In what has regrettably become a matter of routine recently, a senior regional police official has again publicly apologized for the ineffective handling by local police of a major case of alleged criminal activity. The latest instance involves the slowness of the Aichi Prefectural Police to begin investigating the alleged extortion from a 15-year-old Nagoya junior high school boy by some of his classmates, or former classmates, of more than 50 million yen over a nine-month period. Mr. Ken Nakajima, chief of the prefectural force's safety-affairs department, acknowledged the failure to act even though the boy and his desperate mother sought assistance from the Midori Police Station last July.

The police earlier had insisted they did not follow up on the case because the boy refused to provide necessary pertinent details, and thus no official complaint had been filed. That begs the question of why at least a rudimentary investigation was not begun since the boy did give the names of three of the classmates involved. His fearful explanation that he had just been "lending" the money should have raised suspicions.

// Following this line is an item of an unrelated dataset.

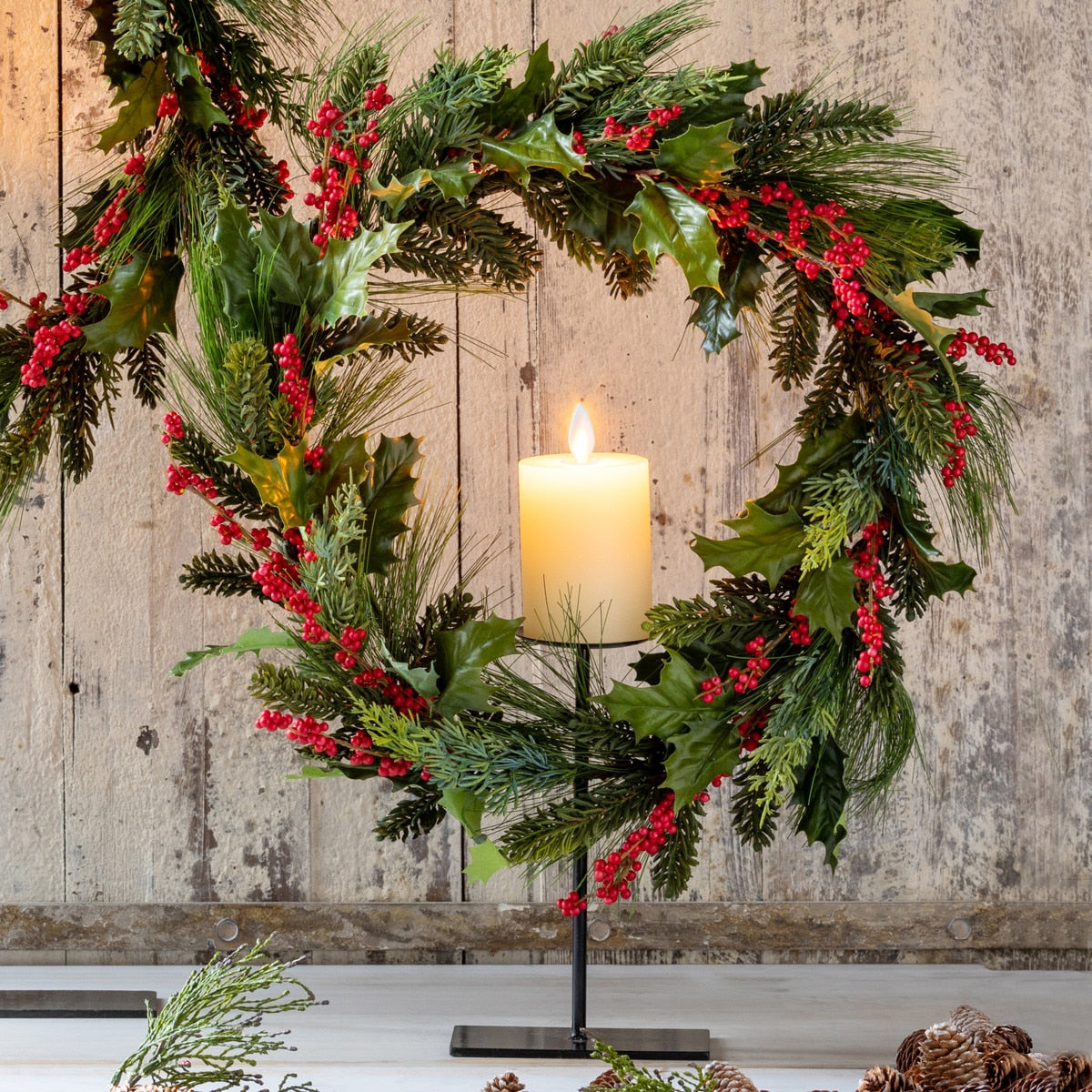 Pine and Holly Wreath on Candle Stand | Elegant Holiday Centerpiece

This is especially true since it is known that the Midori Police Station also failed to take action on three other reported incidents involving the same three 15-year-old boys, who along with a fourth youth have now been arrested and are said to have confessed. Earlier the police said in their own defense that they had been busy with other cases at the time. How busy could they have been that they failed to begin looking into this case for nine months, after the terrified boy and his mother had handed over such an immense amount of money?